Der Schweizer Arzt und jungianischer Analytiker Willy Obrist stellt in seinem Beitrag »Tiefenpsychologie als Basaldisziplin einer integralen Humanwissenschaft« die These auf, dass mit der Tiefenpsychologie nicht einfach nur eine neue wissenschaftliche Disziplin entstanden sei, sondern mit ihr ein neuer Typ einer empirischen Wissenschaft. Dabei definiert er Tiefenpsychologie als eine »empirisch-wissenschaftliche Psychologie, welche die Existenz eines unbewussten – dem Bewusstsein nicht direkt zugänglichen – Bereichs der Psyche anerkennt und eine Methode besitzt, diesen zu erforschen«. Mit seinem Schema »Die innere Struktur der Tiefenpsychologie« und der Herleitung der Methoden von der Bewusstseins- zur Tiefenpsychologie, von der mythischen zur empirischen Psychologie, bringt er sicherlich einen interessanten Baustein in den Diskurs ein.
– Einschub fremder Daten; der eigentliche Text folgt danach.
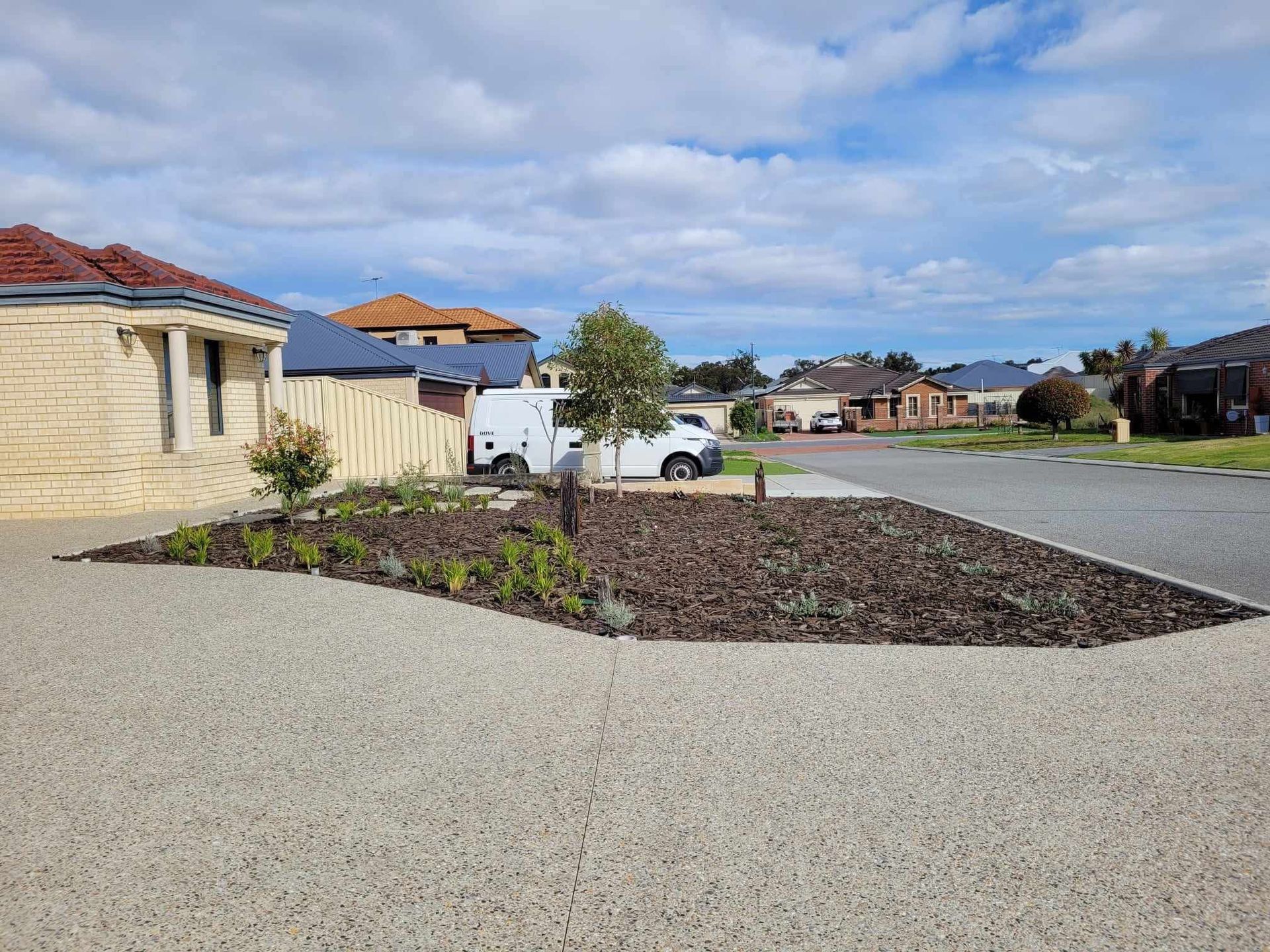 Residential street with a gravel driveway, landscaped bed, and houses under a cloudy sky.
Mit dem jungianischen Prinzip der »Selbstregulation« will er die Brücke schlagen zu einer systemischen Natur- und damit Menschenbetrachtung. Ja, die Tiefenpsychologie erschließe damit ein neues Menschenbild und schaffe schließlich die Adaptation einer Ethik als eine Quelle ethischer Normen, die die Existenz der Menschheit und die Bewältigung Hier und Heute ermögliche. Damit kristallisiere sich die Tiefenpsychologie als Natur- und Kulturwissenschaft heraus. Und sie könne als »Basaldisziplin einer integralen Humanwissenschaft« dienen, ein probates Mittel gegen die derzeit herrschende Wissenschaftsfeindlichkeit.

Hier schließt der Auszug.